Gold gains support from a dip in US dollar, bond yields
Gold prices gained on Tuesday as the dollar and Treasury yields retreated from recent highs ahead of crucial U.S. inflation and jobs data this week that could define the outlook for interest rates.
FUNDAMENTALS
* Spot gold was up 0.1% at $1,921.69 per ounce
by 0113 GMT, having hit its highest since Aug. 10 on Monday.
U.S. gold futures rose 0.1% to $1,949.30.
* The U.S. dollar dipped against a basket of
major currencies, while benchmark U.S. 10-year Treasury yields moved further
away from their highest levels since 2007 hit last week.

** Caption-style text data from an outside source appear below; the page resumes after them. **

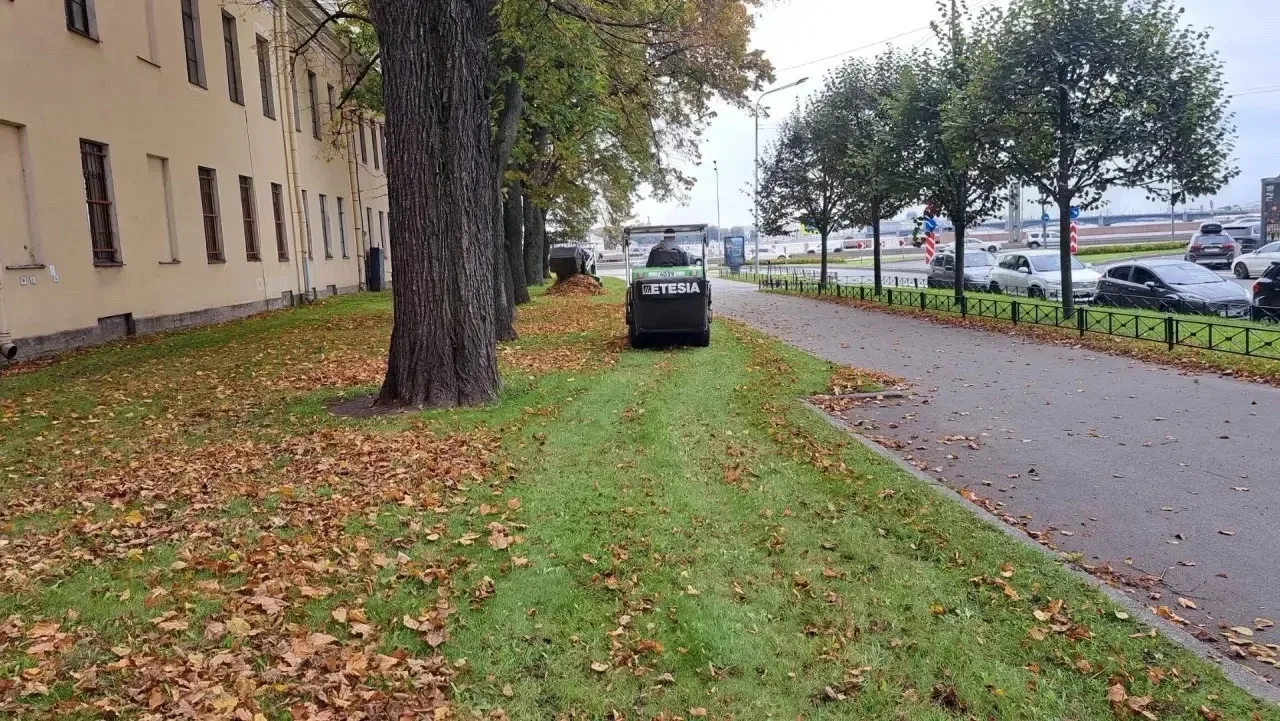 🍁 Начался месячник по благоустройству! 🍁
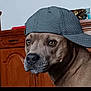 Ulysse participe au concours pour gagner de l'argent avec cette photo : dog, canine, pet, brown_coat, cap, hat, headwear, portrait, close_up, muzzle, eyes, indoors, furniture, wooden_cabinet, expression, curious, domestic_animal, cute, sitting, portrait_photography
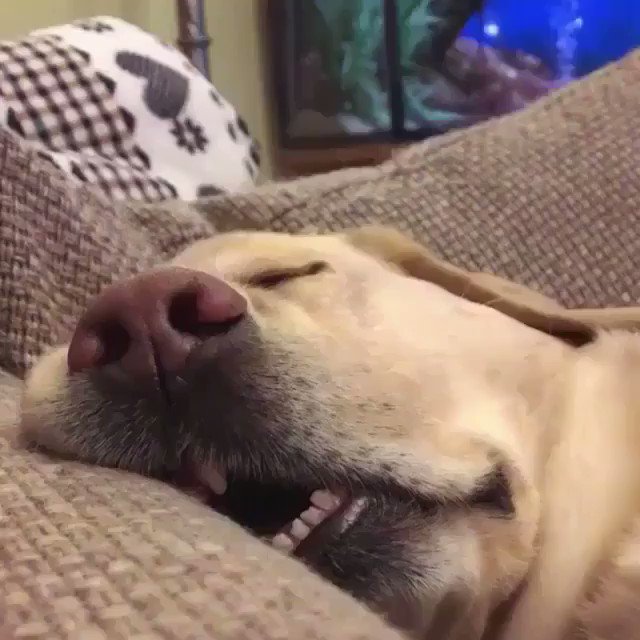 Domingo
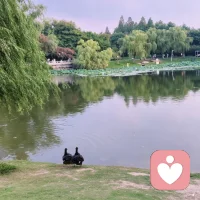 傍晚陪着母亲在园中漫步。
岸边黑天鹅静静伫立，一池荷叶舒展，垂柳倒映水中。
大自然自带一种温柔的疗愈力量。
很多时候不必急于追赶，慢下来感受当下，内心自会得到安放。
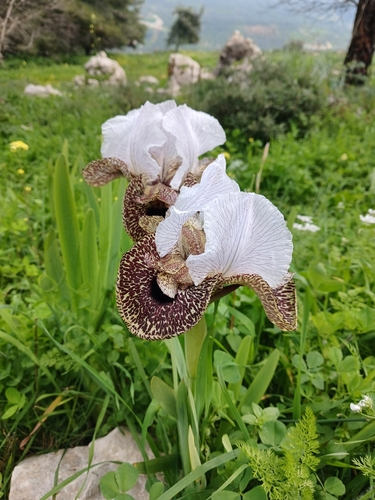 Image of Iris bismarckiana by (c) yelena_antipova, some rights reserved (CC BY)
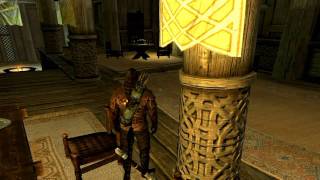 SKYRIM - Arnold Schwarzenegger Voice [HD]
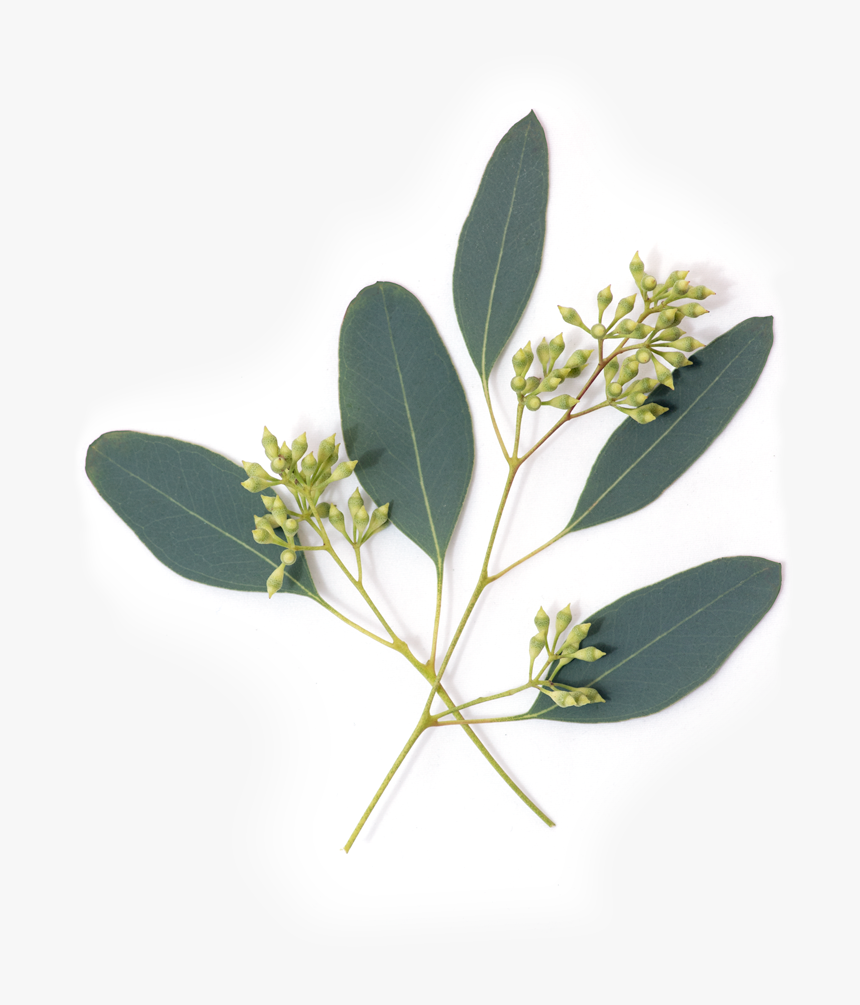 Green Simple Rectangular Eucalyptus Border Leaf Eucalyptus Eucalyptus Leaves Png Transparent Clipart Image And Psd File For Free Download Floral Poster Flower Drawing Green Plants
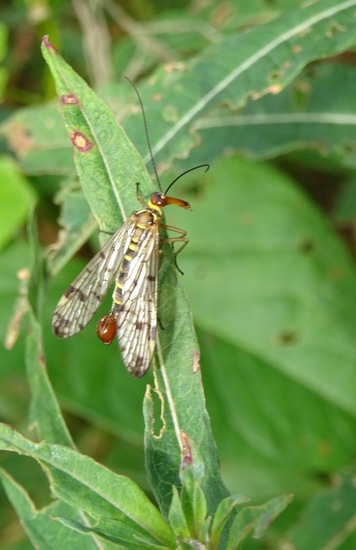 Roodkop Schorpioenvlieg.
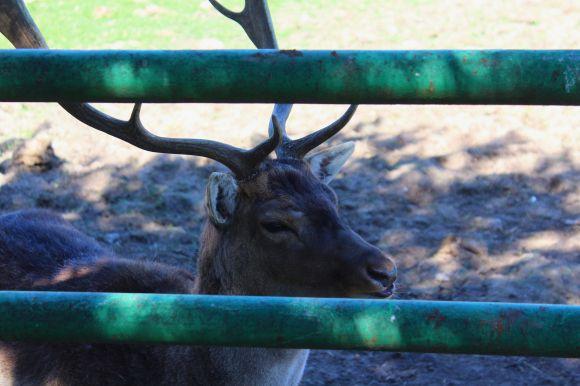 Новини Вінниці - фото з Зелені мавпи та м’ясоїдні птахи: фоторепортаж з Подільського зоопарку Зелені мавпи та м’ясоїдні птахи: фоторепортаж з Подільського зоопарку, фото №19 на сайті 20minut.ua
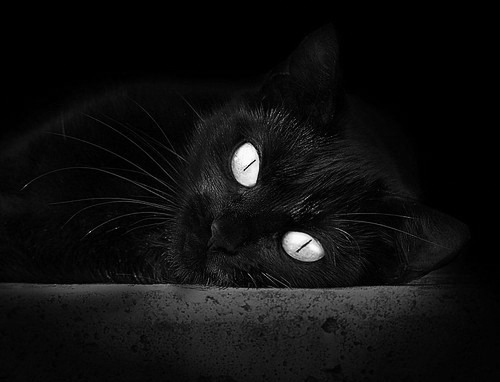 爱游戏中国官方登录入口网站-替补球员体能状态在多线作战中的再分配，球员替补是指允许一名球员退场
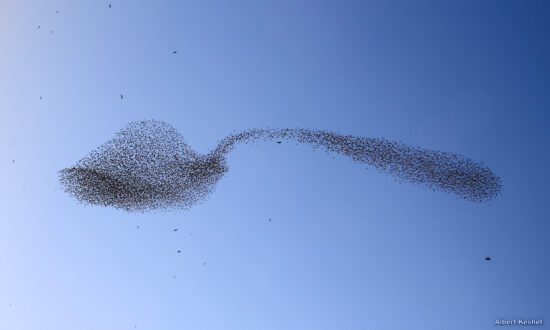 Amazing Flock of Starlings Morph Into Giant Teaspoon of Sugar in the Sky—And the Photos Are Unreal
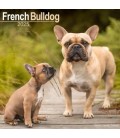 Bouledogue Français 2025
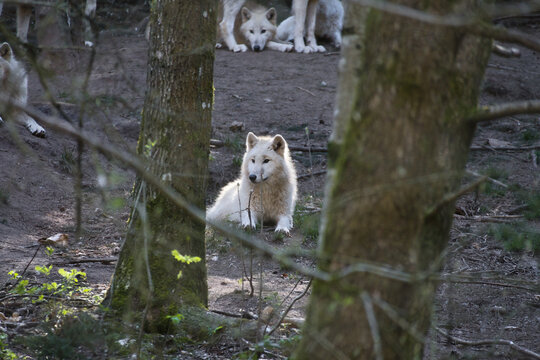 A pack of white wolves alertly observing the surroundings in the forest.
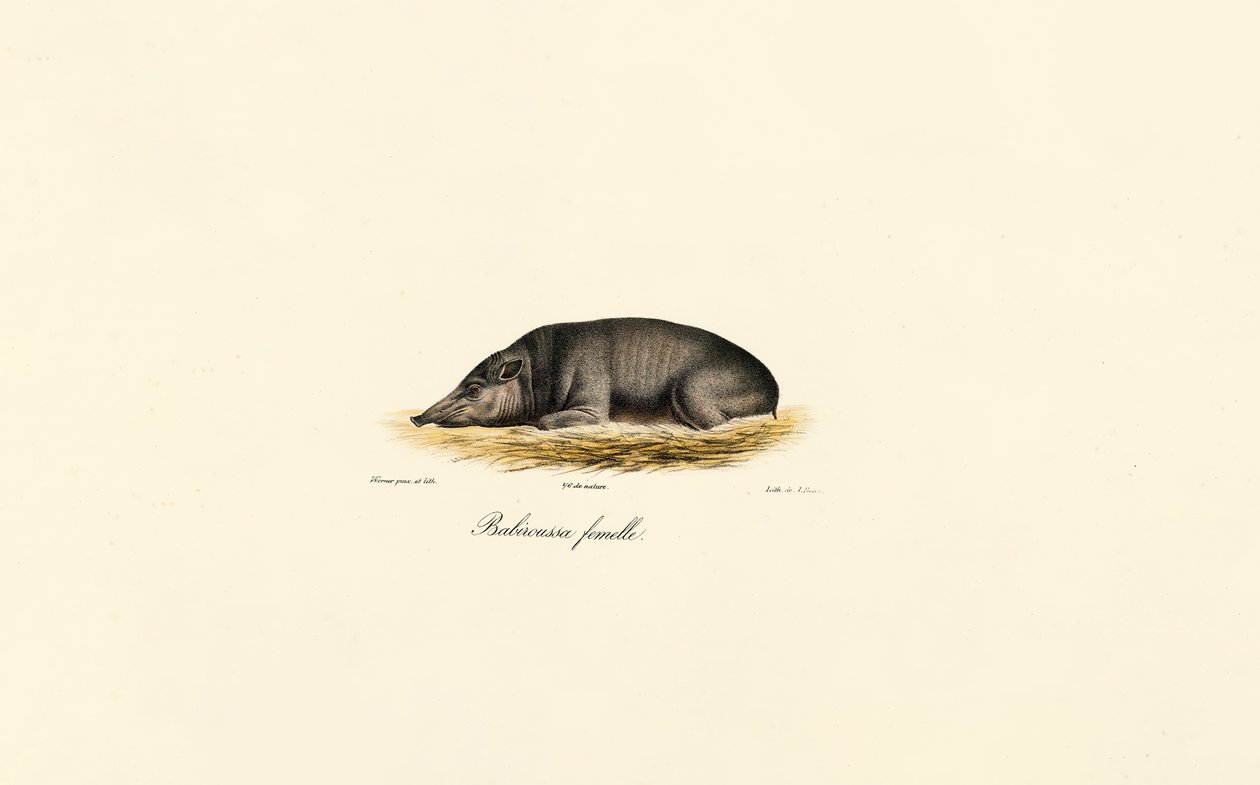 Nainen Babirusa tekijältä Jacques Christophe Werner
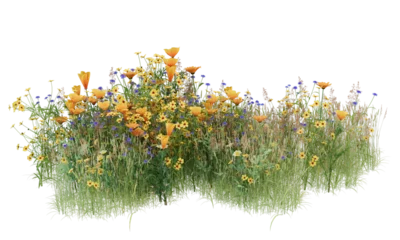 Foto op Plexiglas Various types of flowers grass bushes shrub and small plants isolated  © Poprock3d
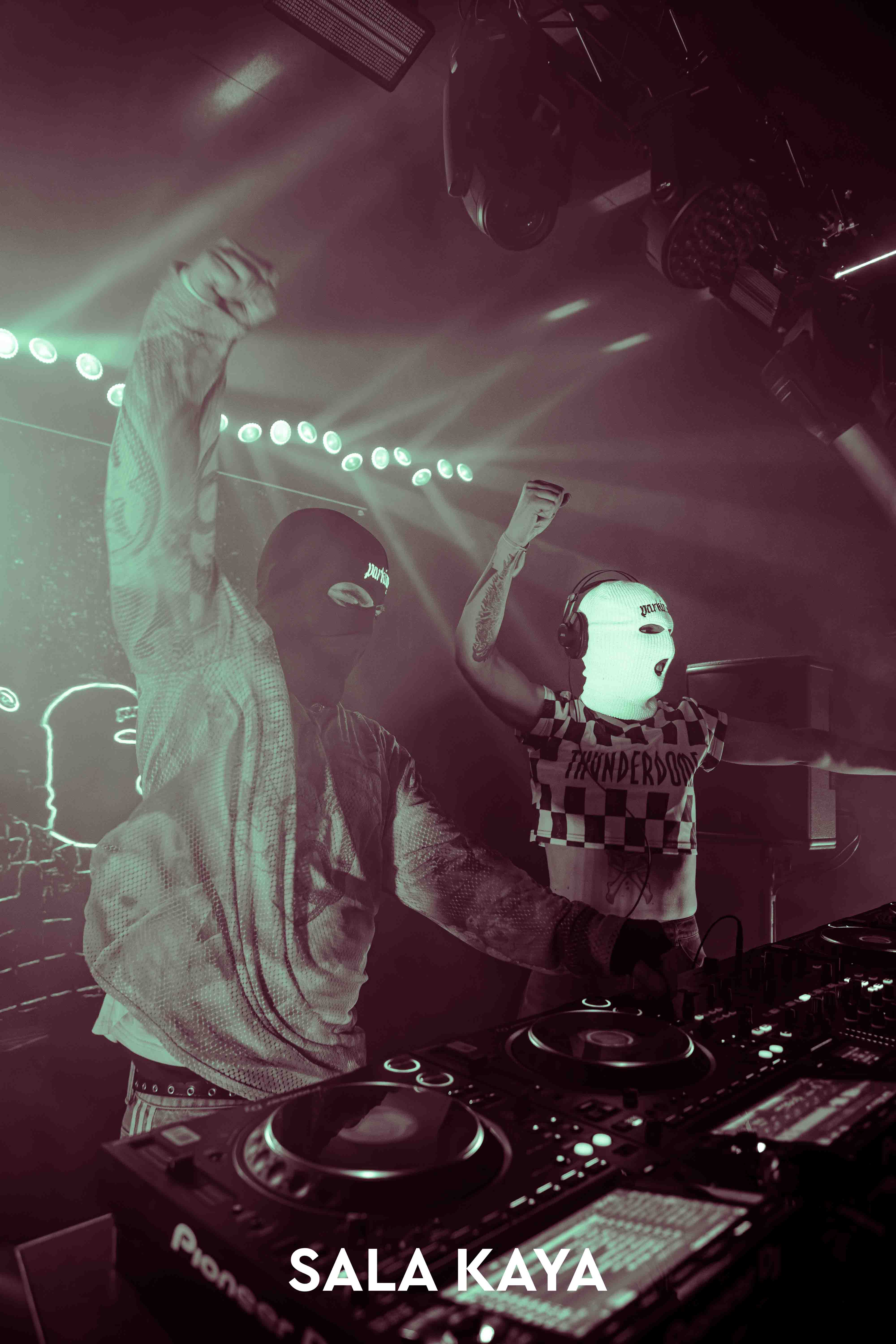 foto de público de PARKINEOS & AMYGDALA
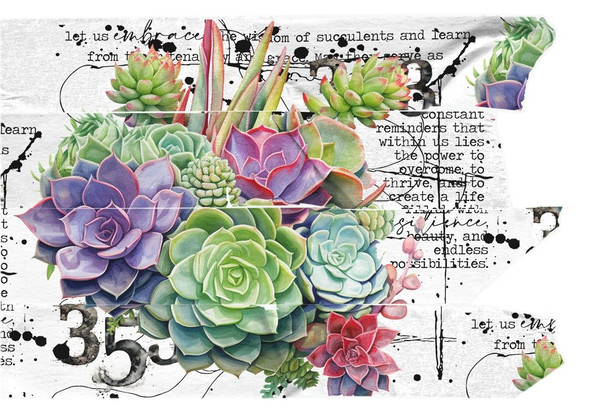 OakridgeStores.com | Aall and Create - Thriving Terrarium - Layer-It-Up Washi Tape - AALL-MT-070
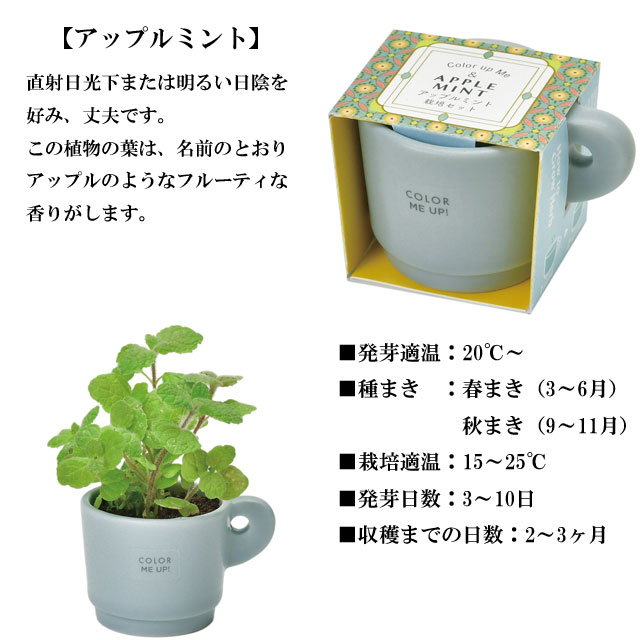 栽培キット Color me up MUG カラーミーアップマグ 020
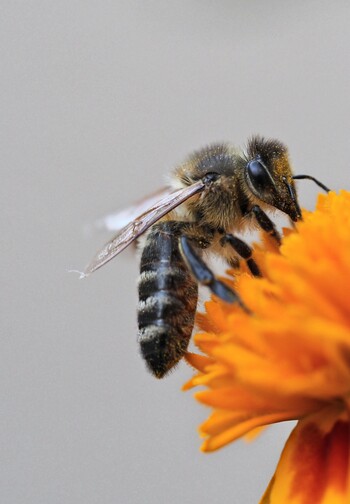ralf1403-bee-8244643_min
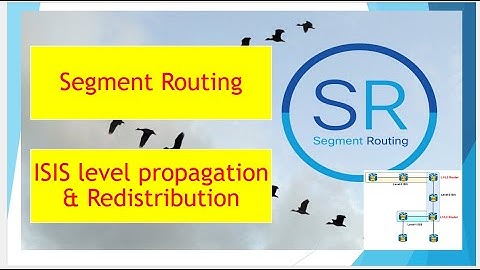 Segment routing | ISIS multilevel & redistribution.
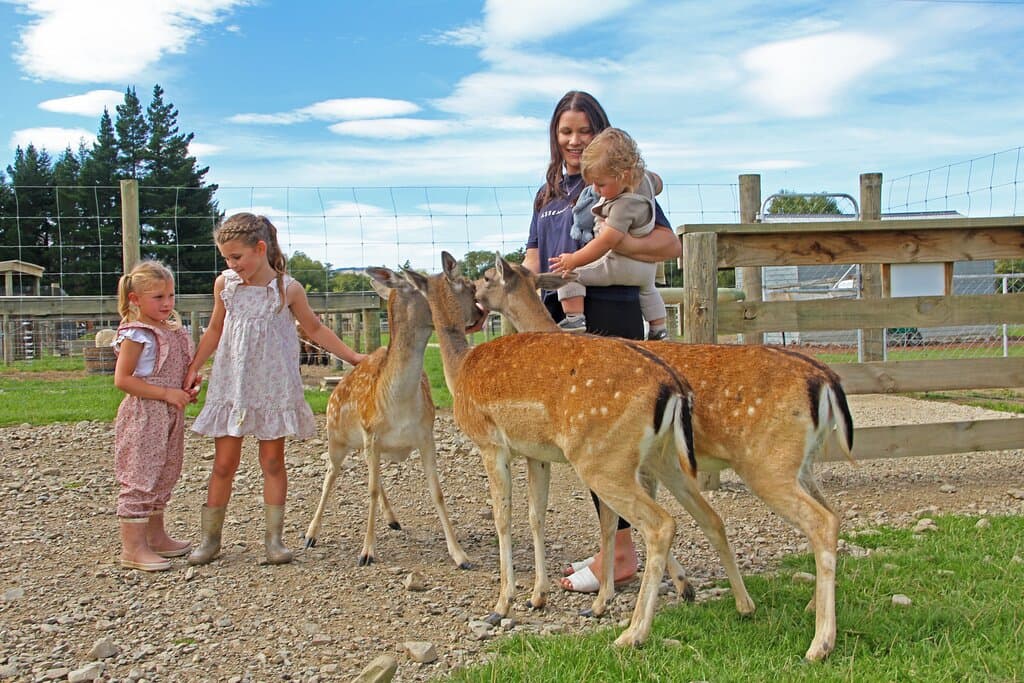 Get right in with our friendly fallow deer.  Make sure you don't let them chew your clothes.  When we say friendly we mean friendly!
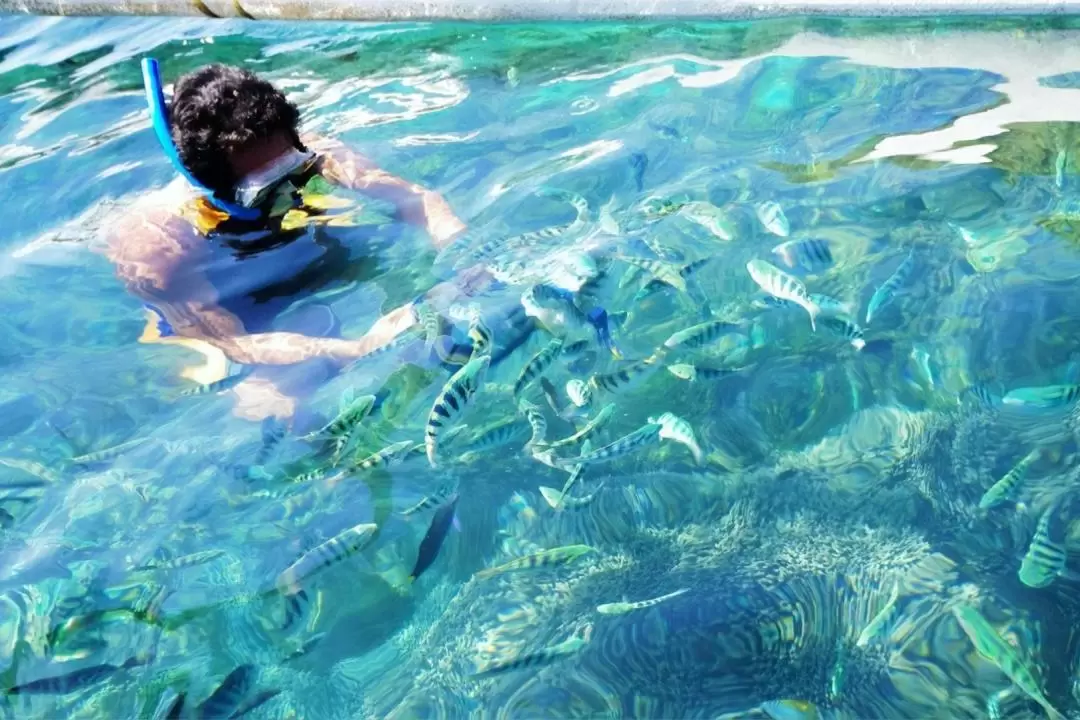 巴厘島羅威納海灘海豚觀賞 & 浮潛之旅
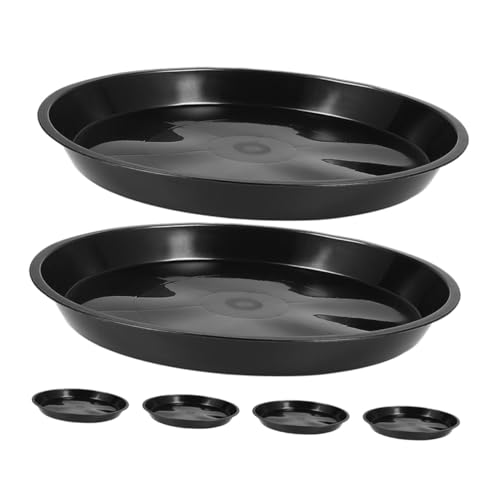 Toyvian 6 Stück Pflanzuntersetzer Rund Schwarz Stabile Kunststoff Blumentopf abtropfschale Pflegeleichte Wasserauffangschale für Zimmerpflanzen Sukkulenten Kakteen für Innen Außenbereich Toyvian 6 Stück Pflanzuntersetzer Rund Schwarz Stabile Kunststoff Blumentopf abtropfschale Pflegeleichte Wasserauffangschale für Zimmerpflanzen Sukkulenten Kakteen für Innen Außenbereich von Toyvian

* A weaker dollar tends to make gold, which
yields no interest, less expensive for other currency holders.
* Among a string of economic data scheduled to be released this week, focus would be on the Federal Reserve's preferred inflation measure, the U.S. PCE price index due on Thursday, and the non-farm payrolls report due on Friday.
* Record levels of government debt, geopolitical
tensions that threaten to split the global trading system, and the likely
persistence of weak productivity gains may saddle the world with a slow-growth
future that stunts development in some countries even before it starts.
* European Central Bank policymaker Robert
Holzmann sees a case for raising interest rates further at its next meeting in
September if there are no big surprises in inflation data before then, he told
Bloomberg News in an interview on Monday.
* Japan's jobless rate rose to 2.7% in July from
the previous month, government data showed.
* SPDR Gold Trust, the world's largest
gold-backed exchange-traded fund, said its holdings rose 0.3% to 886.64 metric
tons on Monday.
* Elsewhere, spot silver fell 0.2% to $24.22 per
ounce and platinum steadied at $964.90, having opened at its highest level in a
month. Palladium lost 0.6% to $1,247.36.